Delivring judgment on Friday night, the presidentof the court martial, Major-General John Zaruwa said the sanction, subject to confirmation by the appropriate military authorities, was because the official failed to show interest in the escapees “who were regarded as high profile detainees”.
Zaruwa said the court martial took note of Raji’s meritorious service to the Nigeria Army for the past 33 years during which he received several commendations and awards.
“It is your willingness to cooperate with other security agencies to accept suspects for safe-keeping with good intentions which had led to this unfortunate incident of escape which led to this trial. The court found out that, in your career, you have never had any case of indiscipline, misdemeanour or misconduct. In view of all these good deeds, the court has decided to award you three months loss of seniority in your present rank of Brigadier General. This award is subject to confirmation by appropriate superior authorities.”, he stated.
The court martial was constituted by former General Officer Commanding, Three Armoured Division, Major-General John Idoko, to try Raji over alleged neglect to perform military duties punishable under Section 62(b) of Armed Forces Act (AFA) CAP A20 Law of the Federation of Nigeria 2004 by failing to provide guard and standing orders for soldiers on duty at the Wetland Detention Facility at Shadawanka Barracks between January 17 and February 18.
He was also charged with negligent performance of military duties punishable under the same section of AFA at Shadawanka Barracks by failing to adequately assign responsibilities to officers under him to guarantee the safety of high profile detainees at the detention facility.
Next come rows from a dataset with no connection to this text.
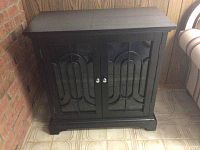 Closed black wooden cabinet with decorative glass panel doors and silver knobs.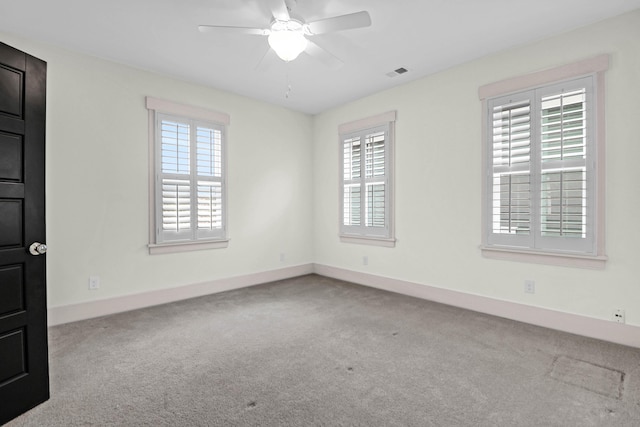 unfurnished room featuring ceiling fan, a healthy amount of sunlight, and light colored carpet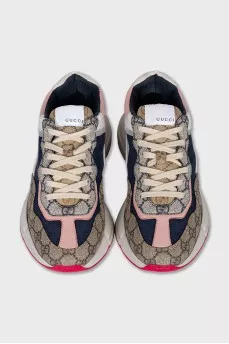 Sneakers with the Rhyton signature print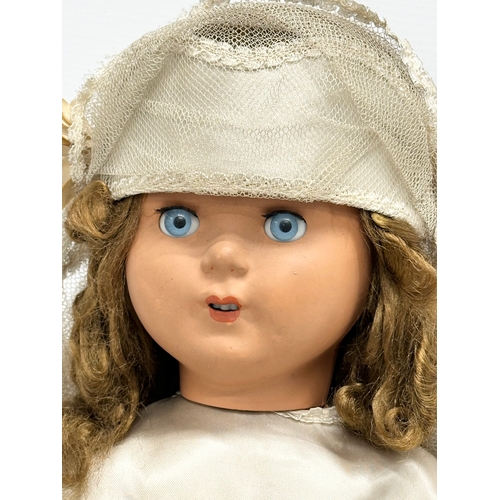 752 - A 1950’s Wilkinson & Gross “Cinderella No.3” talking doll. 55cm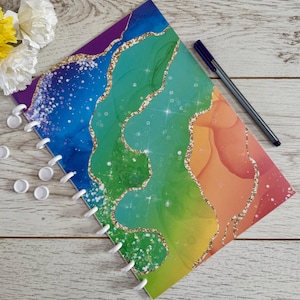 May include: A vibrant notebook featuring a rainbow design with gold glitter detailing. The notebook is open, showing white spiral binding. A black pen and several white disc-shaped objects are placed nearby. A small sprig of flowers is in the upper left corner.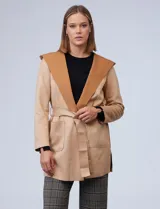 Chaqueta color beige de suede, marca Joan Vass. Cuello solapa, delantera con bolsillos. Cintura con pasadores y lazo de ajuste.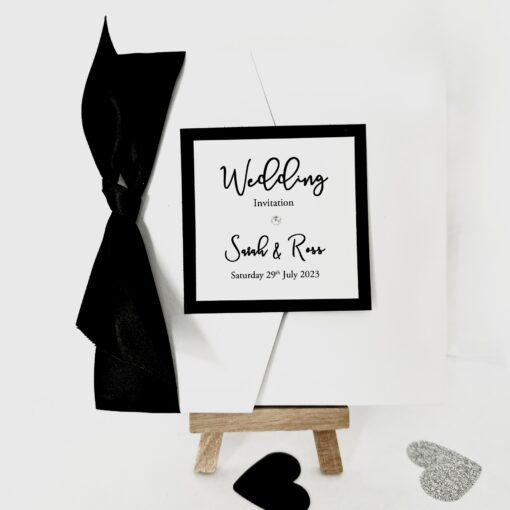 Crisp white pocketfold invitation with oversized black bow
The third allegation was failure to perform military duties punishable under the same law for neglecting to provide feeding for the two guards performing 24 hours’ duty at detention facility as a result of which one of them went in search of food during which the detainees escaped.
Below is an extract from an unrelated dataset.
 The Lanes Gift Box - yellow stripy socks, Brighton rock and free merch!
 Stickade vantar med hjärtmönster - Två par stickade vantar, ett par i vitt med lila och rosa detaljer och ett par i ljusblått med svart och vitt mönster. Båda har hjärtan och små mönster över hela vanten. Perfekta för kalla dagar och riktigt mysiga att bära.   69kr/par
Reacting to the judgment, the lead defence counsel, Mr. Femi Falana, described it as contradictory in law for a court to discharge and acquit an accused and, at the same time, slam a sentence on him.
He said: “After exonerating the general in its verdict, the special court martial, which sat in Jos, turned round, in a rather bizzare manner, to frame a new charge of conduct prejudicial to service discipline contrary to section 103 (1) of the Armed Forces Act against him.
“Without asking the accused officer to plead to the new charge and defend himself, he was convicted and sentenced to a three-month loss of seniority. Thus the special court martial turned itself into the accuser, the prosecutor, the witness and the judge in a criminal case, contrary to all known canons of natural justice.”
Falana, nonetheless, commended the speed with which the trial was conducted, urging other judicial organs to borrow from the example.
The lead defense counsel was absent at the judgement which was initially fixed for October 4 based on an agreement of the court, the prosecution and the defence, but the court later changed its mind and went ahead to deliver judgement at about 8.30 on Friday, lasting till about 10 p.m.